Before his academic career, Duncan worked as a civil engineer in Florida, Mississippi, and California, and then was an independent geotechnical engineering consultant on projects in the United States, South America, Europe, the Middle East, Japan, and New Zealand. He continues to consult, including as a member of the Geotechnical Advisory Board for the Panama Canal; for Seven Oaks Dam, under construction in southern California; as a reviewer of geotechnical studies for the Keller Canyon Sanitary Landfill in northern California; as an advisor on geotechnical aspects of the construction of the new airport in Bogota, Columbia; as an advisor on the landslide-stabilization works at the Boise-Cascade plant site on the Tombigbee River in Jackson, Ala.; as a member of the review team for mitigation of ground movements at the Macraes Gold Mine in Otago, New Zealand; and for the U. S. Army Corps of Engineers.

He was elected to the National Academy of Engineering in 1985, has been an active leader with the American Society of Civil Engineers, has served on the Geotechnical Board of the National Research Council, and chaired the Transportation Research Board Committee on Soil-Structure interaction.

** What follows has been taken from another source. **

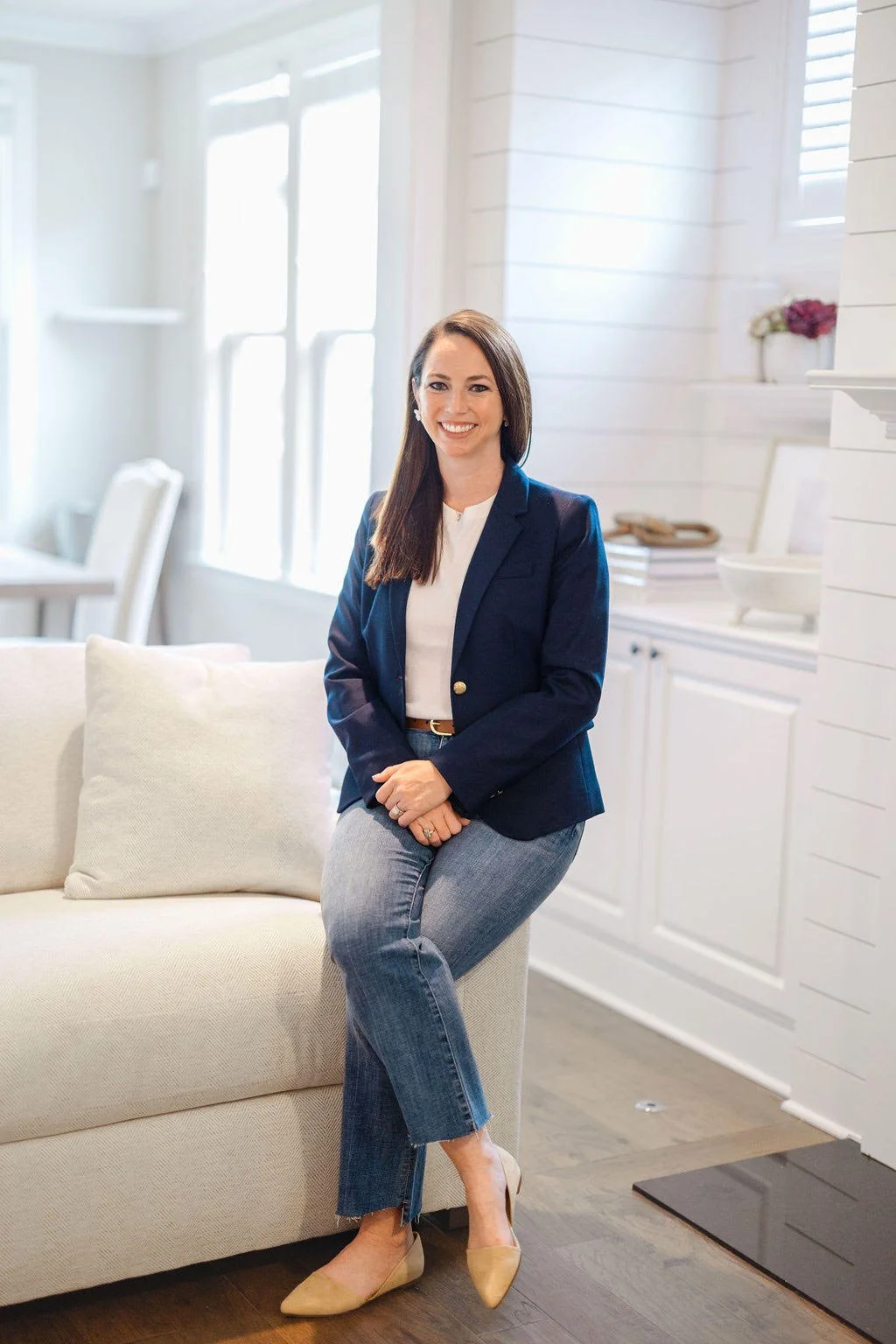 A woman with long brown hair smiling, sitting on a beige couch in a bright, white room with windows, white walls, and minimal decor, wearing a navy blazer, white top, gray jeans, and beige heels.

Duncan received three Outstanding Faculty Awards at UC-Berkeley, the George Westinghouse national teaching award from the American Society for Engineering Education, and many professional awards recognizing his research and teaching. He was the Laurits Bjerrum Memorial lecturer in Norway in 1991.

Duncan received his bachelor of science degree from Georgia Tech and his graduate degrees from Berkeley. He is a registered professional engineer in California and Virginia.